It's pride month and as a proud AroAce I feel compelled to share all of my aspec headcanons.
Narancia: My token sex and romance repulsed AroAce. If you ever wondered why I don't ship Fugonara it's because Narancia is deeply put off by the idea of being even in a qpr; he loves his freedom and abundance of friendship. I think he's very physical with his friends but I wouldn't necessarily call him affectionate, like he enjoys the contact and casual leaning and touching and poking and shoving and cuddling, but I think the moment anything other than tactile nonsexual affection gets involved, he gets various levels of cagey. A kiss on the cheek or forehead? He'll live. Might even get used to it and appreciate it for what it is, but it's not his preferred means of affection. A little peck on the lips? Yeah, someone's getting politely shoved off. Hand-holding only works if the other person is okay with him playing with their hand constantly, otherwise it's a bit too boring and restrictive for him. Tries to keep his distance from both romance and sex but if he's in the vicinity of a conversation regarding the two, he will silently glare and make disgruntled noises out of courtesy but not jump in. He knows people are weird and care about these things, and who is he to judge?

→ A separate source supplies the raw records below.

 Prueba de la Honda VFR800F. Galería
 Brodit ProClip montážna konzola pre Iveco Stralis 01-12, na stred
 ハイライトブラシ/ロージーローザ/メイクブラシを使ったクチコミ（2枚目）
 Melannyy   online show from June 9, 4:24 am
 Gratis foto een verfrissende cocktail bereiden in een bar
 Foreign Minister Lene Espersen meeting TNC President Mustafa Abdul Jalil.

Giorno: Demiromantic asexual, but functionally AroAce, because he doesn’t really obey traditional romance and doesn’t care to, and it just works completely different for him. Very cat-like when he experiences romantic attraction or when he's being generally affectionate aka sometimes being an asshole is a love language <33. Knows less about sex and romance than he's willing to ever admit, but who can blame him when it was never relevant to him in the slightest and any sort of cultural imprint of romance completely missed him. Would prefer a qpr because his romance attraction comes and goes and there's less pressure to perform it in a specific way.
Mista: Grayace aromantic, and perfectly comfortable in that. Experiences moments of AttractionTM but it's like spice of life to him rather than anything to chase and latch onto once it happens. Isn't a stranger to fwb and hook-ups but, again, it's a spice of life rather than a need, and a lot of it is probably dedicated to kink anyway, so sex isn't guaranteed. Has an appreciation for love and romance in general (has a soft spot for romcoms and a degree of cheeziness), but doesn't need it for himself, as much as he thinks it's beautiful for others. Unlike Narancia, definitely up for a qpr if it feels right, but wouldn't rush into it just like that, it's a very deliberate decision on his part. Poly, but would be okay in a monogamous qpr if his partner preferred that. Overall just in love with the human condition and the experiences that come with it, so he'll give what he's comfortable with and take what's being offered.
Fugo: An AlloAro icon, who actually loves the structure and sense of officiality of relationships. Once he’s developed a close enough bond with someone, he’d be down to enter a queerplatonic/romantic relationship if asked, he just loves his people and would love to show it to them in a more formal union. Doesn't think about romance on his own nearly at all and thinks a lot of the culture around it to be weird and incomprehensible, but isn't bothered by it. Is half-convinced it's not real and is just a scam people fall for, but it would be rude to say that out loud. Can be shockingly affectionate, though, once given proper instructions for what's allowed and expected and given space and freedom to figure out what feels right to him, but if those conditions aren't met he's a bit stiff about both giving and receiving at first. Generally not that physical, but can be trained through positive reinforcement. Has a handful of gestures he absolutely adores (hand-holding specifically. Very soothing for him) and doesn't have any restrictions for whom he can do them with. Also poly; might've wistfully daydreamed about being in a (nonspecified) relationship with all his closest people a few times, but then remembered he can be just as attentive and loving as a friend and was suddenly cool with it.
Sheila E: AlloAce but is the most aro-coded person in this group of aros, which is to say her idea of romance is so specific and fundamentally more internal than externally observable that it doesn't register that she could possibly be alloromantic from the outside, the fact she could most likely live without any serious romantic involvement not helping in not confusing the enemy. Views crushes and love as something deeply private that's nobody's business but hers, if she has a crush on someone, it has nothing to do with them in fact, so they better not ask her about it. Very much asexual but so strong on sensual attraction that if things are communicated well, she's favorable to negotiations, otherwise bears some levels of distaste over how sex is portrayed and regarded in society and tends to avoid the topic because of it, but at the core deeply neutral towards anything sexual, it's just a thing that exists and exists for a reason. Has a pretty clear idea what sort of affections she seeks, but has relatively strict limits for what she's open to doing with friends, if you wanna get to the real fluff, you need a promotion to partnership.
Murolo: This is a aromantic gay man to me who doesn’t get romance, has zero desire to learn but bears a natural inkling to poke fun at people in love. It’s more so out of unease than mockery though, he just cannot comprehend why anyone would do that, but he’s in his 30s so he’s already learned that people do not appreciate unsolicited comments regarding their love life. He also has a fear of commitment, so no qpr for this fine gentleman.